CARTAS EN UNA BOTELLA
Desde hace siglos, los seres humanos hemos lanzado mensajes
en botellas al mar. Cartas con y sin dirección clara, escritas con la esperanza
de ser leídas algún día. Muchas se pierden entre las olas y aparecen décadas
después. Otras llegan a manos desconocidas.
En nuestra travesía nos hemos topado con unos cuantos mensajes anónimos. No sabemos de dónde vienen, pero sí que han sido lanzadas al océano de Igluu por nuestros lectores y lectoras para confesar todo lo que nunca se atrevieron a viva voz. Te dejamos aquí todas las que nos caben, porque ha habido muchas más. Deseamos que te inspiren a no dejarte nada en el tintero con las personas a las que más quieres.
Gracias abuelos.
Alberto, por enseñarme que para ti la familia era lo más
importante. Nunca olvidaré los mejores veranos en Valdemorillo, gracias por
darnos un lugar para estar todos juntos. Te echo de menos.
Angelines, por hacer de cada domingo una aventura con
recetas o volteretas en el pasillo. Conseguiste que nada fuera imposible
estando contigo.
Juan, de ti aprendí que algo estaría siempre mal en el
mundo mientras hubiera una persona sin nada para comer y otra ganando millones.
Eres un pozo de sabiduría de 91 años que nunca dejará de sorprenderme.
Juli, por el cariño y la mano siempre tendida. Las
mentirijillas que todos nos creemos. Y tu eterna preocupación por el bienestar
de los demás, incluso por los que no conoces.
Por cuidarme siempre. Os quiero.
Todas las formas de vida son un milagro, ¡cuida mucho de
la tuya y de las que te rodean, y disfrútala con amor, libertad y respeto!
Mamá:
Me enseñaste a crecer sin pedirme que lo entendiera.
Ahora que me ha tocado hacerme mayor, empiezo a comprender.
Hay días en los que el cansancio pesa más que el cuerpo,
decisiones que nadie celebra y peleas internas que casi nadie nota… pero tú
siempre las veías.
Cuando hablabas de madurar, yo pensaba que era solo
cumplir años. No entendía que era levantarse aunque no se tuvieran ganas,
seguir adelante en silencio y cargar con todo sin decir nada.
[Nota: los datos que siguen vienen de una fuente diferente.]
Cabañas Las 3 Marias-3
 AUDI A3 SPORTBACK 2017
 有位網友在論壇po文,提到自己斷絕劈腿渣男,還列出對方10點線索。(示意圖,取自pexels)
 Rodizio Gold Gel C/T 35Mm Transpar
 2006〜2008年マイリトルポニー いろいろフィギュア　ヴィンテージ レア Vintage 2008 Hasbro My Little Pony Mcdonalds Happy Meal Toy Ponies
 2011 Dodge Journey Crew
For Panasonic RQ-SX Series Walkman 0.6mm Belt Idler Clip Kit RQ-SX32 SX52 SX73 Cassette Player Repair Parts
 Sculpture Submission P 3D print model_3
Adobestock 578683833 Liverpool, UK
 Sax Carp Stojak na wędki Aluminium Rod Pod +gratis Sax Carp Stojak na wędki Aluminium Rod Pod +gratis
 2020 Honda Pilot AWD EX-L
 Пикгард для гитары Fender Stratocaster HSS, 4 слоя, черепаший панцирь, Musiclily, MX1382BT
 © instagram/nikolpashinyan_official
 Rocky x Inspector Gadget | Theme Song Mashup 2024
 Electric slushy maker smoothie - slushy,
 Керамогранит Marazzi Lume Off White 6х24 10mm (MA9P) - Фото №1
Ahora entiendo tus desvelos, tus silencios, tus «no pasa
nada» cuando claramente pasaba todo.
Madurar es dejar de verte solo como mi mamá y empezar a
verte como la gran mujer que has sido siempre.
No vengáis a buscarme, me he bebido todo lo que encontré
en la isla y estoy de resaca.
Recuerdo que siempre llevabas un boli y una libreta en el
bolso. Alguna vez te he visto usarlos para apuntar algún teléfono o las medidas
de algo pero no lo suficiente como para considerar esos objetos imprescindibles
para llevarme a una isla desierta. Ahora, para escribirte este mensaje, se
convierten en una necesidad.
También me dices siempre que lleve algo de dinero suelto
por lo que pueda pasar aunque ya no haya cabinas para llamarte por teléfono si
me dejo las llaves de casa.
Estos son solo dos pequeños ejemplos que
inconscientemente he adoptado como míos; aunque el ejemplo más grande que me
has dejado es ese afán por intentar buscar soluciones para mí o para los demás.
En la isla en la que habito ha crecido una Azucena.
Pienso en su risa inundando la sala y en lo nerviosa que se pone, que es, que
vive. Pienso en aquella tarde, frente a la estación de autobuses, en la que me
confesó que de pequeña escribía poesía, y me obsesiona descubrir qué pasó para
que dejase de hacerlo. Pienso que habríamos sido grandes amigas de no ser madre
e hija. Pienso que la vida le ha ido arrebatando su identidad, y me asusto al
pensar que me está sucediendo lo mismo, porque cada día estoy más perdida.
Pienso, pienso y pienso, y naufrago en el océano que es
mi cabeza, ansiando toparme con los mensajes embotellados que me manda: «buenas
noches» y «buenos días» que leo cuando aún es de noche. Ella es mi salvavidas.